• [Entries provided]:
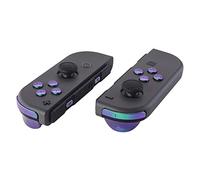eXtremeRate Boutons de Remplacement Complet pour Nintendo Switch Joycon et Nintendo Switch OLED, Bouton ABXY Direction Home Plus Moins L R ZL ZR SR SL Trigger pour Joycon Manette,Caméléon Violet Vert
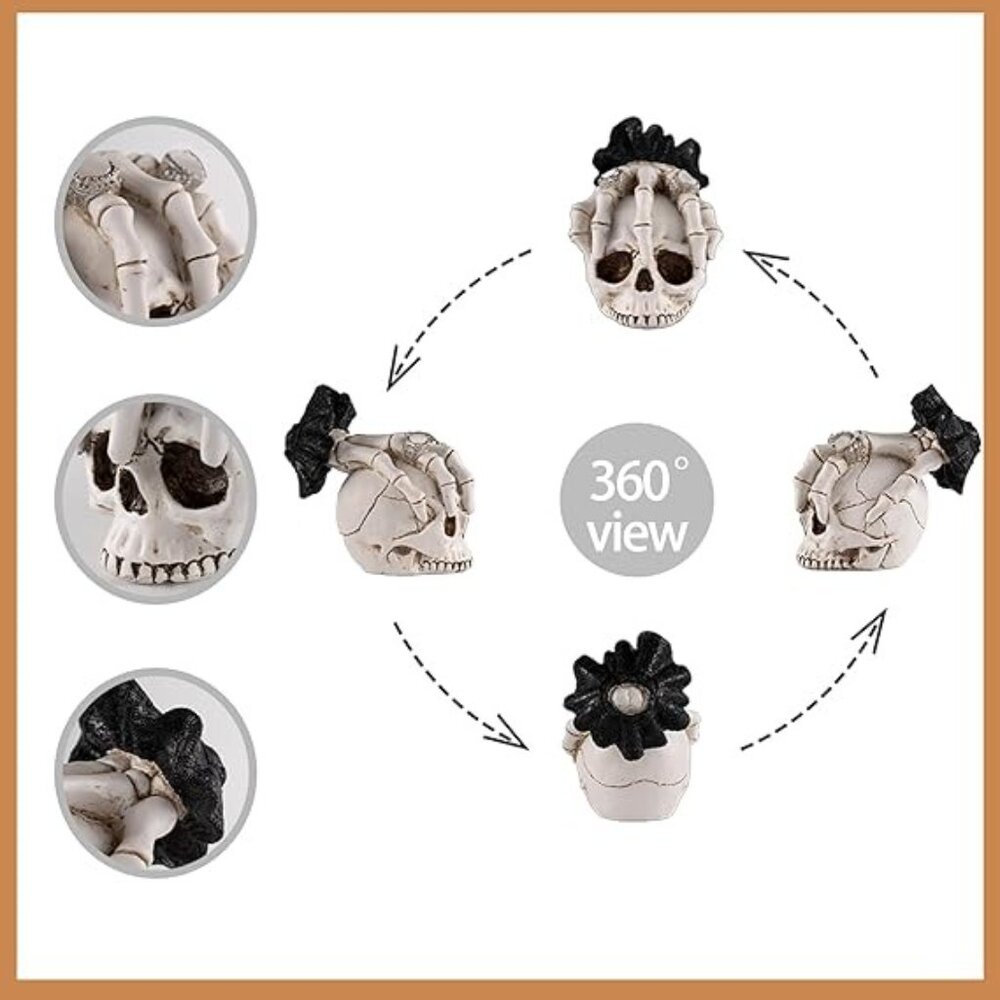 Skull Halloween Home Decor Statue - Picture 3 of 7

...

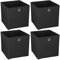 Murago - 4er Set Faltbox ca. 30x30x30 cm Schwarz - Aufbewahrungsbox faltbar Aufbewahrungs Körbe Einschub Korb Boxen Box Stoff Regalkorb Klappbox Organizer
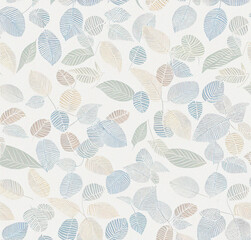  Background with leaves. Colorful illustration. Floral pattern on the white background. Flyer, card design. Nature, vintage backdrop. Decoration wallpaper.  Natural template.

• [Assignment]:
Within the listing above, the lines from the one with "eXtremeRate Boutons de" through the one with "Skull Halloween Home" are to be given again word for word. Do not include pictures.

• [Exercise response]:
eXtremeRate Boutons de Remplacement Complet pour Nintendo Switch Joycon et Nintendo Switch OLED, Bouton ABXY Direction Home Plus Moins L R ZL ZR SR SL Trigger pour Joycon Manette,Caméléon Violet Vert
 Skull Halloween Home Decor Statue - Picture 3 of 7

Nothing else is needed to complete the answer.